▸ **WHAT THE TASK REQUIRES**
Repeat the data exactly as it stands.

=== GIVEN RECORDS ===

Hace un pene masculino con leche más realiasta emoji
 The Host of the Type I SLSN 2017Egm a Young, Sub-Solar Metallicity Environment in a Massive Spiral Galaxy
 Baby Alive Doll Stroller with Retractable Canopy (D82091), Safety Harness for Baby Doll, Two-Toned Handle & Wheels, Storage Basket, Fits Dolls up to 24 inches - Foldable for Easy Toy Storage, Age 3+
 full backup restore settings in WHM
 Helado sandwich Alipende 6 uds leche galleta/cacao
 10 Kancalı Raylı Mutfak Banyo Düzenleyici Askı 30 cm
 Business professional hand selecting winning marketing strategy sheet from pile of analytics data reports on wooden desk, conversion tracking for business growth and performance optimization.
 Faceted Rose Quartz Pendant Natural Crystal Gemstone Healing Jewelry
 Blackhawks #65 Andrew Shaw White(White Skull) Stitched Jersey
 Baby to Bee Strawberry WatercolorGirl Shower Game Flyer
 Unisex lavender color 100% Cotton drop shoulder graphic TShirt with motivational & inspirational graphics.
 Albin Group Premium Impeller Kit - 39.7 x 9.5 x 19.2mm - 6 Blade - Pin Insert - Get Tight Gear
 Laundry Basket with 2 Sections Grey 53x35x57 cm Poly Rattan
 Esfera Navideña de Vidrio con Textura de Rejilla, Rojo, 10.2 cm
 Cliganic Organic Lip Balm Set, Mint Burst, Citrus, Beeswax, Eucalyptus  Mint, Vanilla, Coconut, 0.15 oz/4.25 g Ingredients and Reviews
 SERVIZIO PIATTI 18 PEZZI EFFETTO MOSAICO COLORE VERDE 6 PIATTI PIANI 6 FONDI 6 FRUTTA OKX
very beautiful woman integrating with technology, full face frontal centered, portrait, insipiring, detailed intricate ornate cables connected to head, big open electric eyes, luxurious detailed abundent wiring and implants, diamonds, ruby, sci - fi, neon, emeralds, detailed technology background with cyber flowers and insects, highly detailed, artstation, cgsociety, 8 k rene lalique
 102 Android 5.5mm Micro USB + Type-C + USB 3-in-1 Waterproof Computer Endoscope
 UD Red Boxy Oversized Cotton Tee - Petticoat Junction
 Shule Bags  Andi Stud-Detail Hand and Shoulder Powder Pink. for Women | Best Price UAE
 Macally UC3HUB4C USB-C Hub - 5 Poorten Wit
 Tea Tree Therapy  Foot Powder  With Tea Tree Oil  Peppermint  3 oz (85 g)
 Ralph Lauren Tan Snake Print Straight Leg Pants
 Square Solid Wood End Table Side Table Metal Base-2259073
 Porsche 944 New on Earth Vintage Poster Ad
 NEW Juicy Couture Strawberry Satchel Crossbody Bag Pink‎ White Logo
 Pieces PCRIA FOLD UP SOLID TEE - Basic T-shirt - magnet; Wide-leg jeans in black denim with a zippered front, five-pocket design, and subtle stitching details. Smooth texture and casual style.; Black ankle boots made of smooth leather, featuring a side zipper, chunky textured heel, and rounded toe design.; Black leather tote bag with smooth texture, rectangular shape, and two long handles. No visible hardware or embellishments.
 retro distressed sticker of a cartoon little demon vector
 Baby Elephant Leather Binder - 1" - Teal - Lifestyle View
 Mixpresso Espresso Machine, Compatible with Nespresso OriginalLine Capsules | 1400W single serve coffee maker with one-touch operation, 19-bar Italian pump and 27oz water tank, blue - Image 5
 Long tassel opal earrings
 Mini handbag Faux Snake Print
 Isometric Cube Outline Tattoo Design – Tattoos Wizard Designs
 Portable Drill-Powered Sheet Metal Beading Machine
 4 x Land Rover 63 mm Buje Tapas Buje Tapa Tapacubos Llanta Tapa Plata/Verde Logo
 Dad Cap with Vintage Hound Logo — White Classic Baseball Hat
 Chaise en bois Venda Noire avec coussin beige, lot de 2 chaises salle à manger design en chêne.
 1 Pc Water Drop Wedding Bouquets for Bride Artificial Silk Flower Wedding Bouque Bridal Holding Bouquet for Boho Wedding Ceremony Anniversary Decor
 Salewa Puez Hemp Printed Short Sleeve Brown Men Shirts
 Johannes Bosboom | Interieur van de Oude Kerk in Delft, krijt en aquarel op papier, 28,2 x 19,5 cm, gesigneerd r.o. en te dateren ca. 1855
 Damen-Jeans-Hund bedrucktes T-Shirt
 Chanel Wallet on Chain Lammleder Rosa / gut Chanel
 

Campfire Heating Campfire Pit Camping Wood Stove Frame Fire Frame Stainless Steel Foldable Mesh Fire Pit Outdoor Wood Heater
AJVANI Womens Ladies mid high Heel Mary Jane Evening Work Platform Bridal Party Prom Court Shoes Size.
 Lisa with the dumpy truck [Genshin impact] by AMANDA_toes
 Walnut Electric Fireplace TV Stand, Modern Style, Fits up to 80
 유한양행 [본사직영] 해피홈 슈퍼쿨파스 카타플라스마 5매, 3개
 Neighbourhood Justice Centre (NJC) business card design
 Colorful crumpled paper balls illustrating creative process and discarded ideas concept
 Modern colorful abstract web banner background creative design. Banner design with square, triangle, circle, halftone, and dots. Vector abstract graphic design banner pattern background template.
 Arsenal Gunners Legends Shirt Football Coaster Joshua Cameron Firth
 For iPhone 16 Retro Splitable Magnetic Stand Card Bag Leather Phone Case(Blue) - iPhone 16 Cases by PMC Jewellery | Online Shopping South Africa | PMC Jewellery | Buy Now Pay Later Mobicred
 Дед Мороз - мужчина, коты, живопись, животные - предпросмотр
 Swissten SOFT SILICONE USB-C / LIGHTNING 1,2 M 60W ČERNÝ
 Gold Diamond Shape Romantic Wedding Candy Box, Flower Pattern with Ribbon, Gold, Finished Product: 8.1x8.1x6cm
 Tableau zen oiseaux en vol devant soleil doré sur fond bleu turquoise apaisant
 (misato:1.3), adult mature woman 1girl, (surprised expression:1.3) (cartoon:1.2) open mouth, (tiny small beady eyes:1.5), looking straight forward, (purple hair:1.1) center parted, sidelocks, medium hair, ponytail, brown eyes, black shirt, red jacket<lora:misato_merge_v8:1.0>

===

▸ **PROBLEM SOLUTION**
Hace un pene masculino con leche más realiasta emoji
 The Host of the Type I SLSN 2017Egm a Young, Sub-Solar Metallicity Environment in a Massive Spiral Galaxy
 Baby Alive Doll Stroller with Retractable Canopy (D82091), Safety Harness for Baby Doll, Two-Toned Handle & Wheels, Storage Basket, Fits Dolls up to 24 inches - Foldable for Easy Toy Storage, Age 3+
 full backup restore settings in WHM
 Helado sandwich Alipende 6 uds leche galleta/cacao
 10 Kancalı Raylı Mutfak Banyo Düzenleyici Askı 30 cm
 Business professional hand selecting winning marketing strategy sheet from pile of analytics data reports on wooden desk, conversion tracking for business growth and performance optimization.
 Faceted Rose Quartz Pendant Natural Crystal Gemstone Healing Jewelry
 Blackhawks #65 Andrew Shaw White(White Skull) Stitched Jersey
 Baby to Bee Strawberry WatercolorGirl Shower Game Flyer
 Unisex lavender color 100% Cotton drop shoulder graphic TShirt with motivational & inspirational graphics.
 Albin Group Premium Impeller Kit - 39.7 x 9.5 x 19.2mm - 6 Blade - Pin Insert - Get Tight Gear
 Laundry Basket with 2 Sections Grey 53x35x57 cm Poly Rattan
 Esfera Navideña de Vidrio con Textura de Rejilla, Rojo, 10.2 cm
 Cliganic Organic Lip Balm Set, Mint Burst, Citrus, Beeswax, Eucalyptus  Mint, Vanilla, Coconut, 0.15 oz/4.25 g Ingredients and Reviews
 SERVIZIO PIATTI 18 PEZZI EFFETTO MOSAICO COLORE VERDE 6 PIATTI PIANI 6 FONDI 6 FRUTTA OKX
very beautiful woman integrating with technology, full face frontal centered, portrait, insipiring, detailed intricate ornate cables connected to head, big open electric eyes, luxurious detailed abundent wiring and implants, diamonds, ruby, sci - fi, neon, emeralds, detailed technology background with cyber flowers and insects, highly detailed, artstation, cgsociety, 8 k rene lalique
 102 Android 5.5mm Micro USB + Type-C + USB 3-in-1 Waterproof Computer Endoscope
 UD Red Boxy Oversized Cotton Tee - Petticoat Junction
 Shule Bags  Andi Stud-Detail Hand and Shoulder Powder Pink. for Women | Best Price UAE
 Macally UC3HUB4C USB-C Hub - 5 Poorten Wit
 Tea Tree Therapy  Foot Powder  With Tea Tree Oil  Peppermint  3 oz (85 g)
 Ralph Lauren Tan Snake Print Straight Leg Pants
 Square Solid Wood End Table Side Table Metal Base-2259073
 Porsche 944 New on Earth Vintage Poster Ad
 NEW Juicy Couture Strawberry Satchel Crossbody Bag Pink‎ White Logo
 Pieces PCRIA FOLD UP SOLID TEE - Basic T-shirt - magnet; Wide-leg jeans in black denim with a zippered front, five-pocket design, and subtle stitching details. Smooth texture and casual style.; Black ankle boots made of smooth leather, featuring a side zipper, chunky textured heel, and rounded toe design.; Black leather tote bag with smooth texture, rectangular shape, and two long handles. No visible hardware or embellishments.
 retro distressed sticker of a cartoon little demon vector
 Baby Elephant Leather Binder - 1" - Teal - Lifestyle View
 Mixpresso Espresso Machine, Compatible with Nespresso OriginalLine Capsules | 1400W single serve coffee maker with one-touch operation, 19-bar Italian pump and 27oz water tank, blue - Image 5
 Long tassel opal earrings
 Mini handbag Faux Snake Print
 Isometric Cube Outline Tattoo Design – Tattoos Wizard Designs
 Portable Drill-Powered Sheet Metal Beading Machine
 4 x Land Rover 63 mm Buje Tapas Buje Tapa Tapacubos Llanta Tapa Plata/Verde Logo
 Dad Cap with Vintage Hound Logo — White Classic Baseball Hat
 Chaise en bois Venda Noire avec coussin beige, lot de 2 chaises salle à manger design en chêne.
 1 Pc Water Drop Wedding Bouquets for Bride Artificial Silk Flower Wedding Bouque Bridal Holding Bouquet for Boho Wedding Ceremony Anniversary Decor
 Salewa Puez Hemp Printed Short Sleeve Brown Men Shirts
 Johannes Bosboom | Interieur van de Oude Kerk in Delft, krijt en aquarel op papier, 28,2 x 19,5 cm, gesigneerd r.o. en te dateren ca. 1855
 Damen-Jeans-Hund bedrucktes T-Shirt
 Chanel Wallet on Chain Lammleder Rosa / gut Chanel
 

Campfire Heating Campfire Pit Camping Wood Stove Frame Fire Frame Stainless Steel Foldable Mesh Fire Pit Outdoor Wood Heater
AJVANI Womens Ladies mid high Heel Mary Jane Evening Work Platform Bridal Party Prom Court Shoes Size.
 Lisa with the dumpy truck [Genshin impact] by AMANDA_toes
 Walnut Electric Fireplace TV Stand, Modern Style, Fits up to 80
 유한양행 [본사직영] 해피홈 슈퍼쿨파스 카타플라스마 5매, 3개
 Neighbourhood Justice Centre (NJC) business card design
 Colorful crumpled paper balls illustrating creative process and discarded ideas concept
 Modern colorful abstract web banner background creative design. Banner design with square, triangle, circle, halftone, and dots. Vector abstract graphic design banner pattern background template.
 Arsenal Gunners Legends Shirt Football Coaster Joshua Cameron Firth
 For iPhone 16 Retro Splitable Magnetic Stand Card Bag Leather Phone Case(Blue) - iPhone 16 Cases by PMC Jewellery | Online Shopping South Africa | PMC Jewellery | Buy Now Pay Later Mobicred
 Дед Мороз - мужчина, коты, живопись, животные - предпросмотр
 Swissten SOFT SILICONE USB-C / LIGHTNING 1,2 M 60W ČERNÝ
 Gold Diamond Shape Romantic Wedding Candy Box, Flower Pattern with Ribbon, Gold, Finished Product: 8.1x8.1x6cm
 Tableau zen oiseaux en vol devant soleil doré sur fond bleu turquoise apaisant
 (misato:1.3), adult mature woman 1girl, (surprised expression:1.3) (cartoon:1.2) open mouth, (tiny small beady eyes:1.5), looking straight forward, (purple hair:1.1) center parted, sidelocks, medium hair, ponytail, brown eyes, black shirt, red jacket<lora:misato_merge_v8:1.0>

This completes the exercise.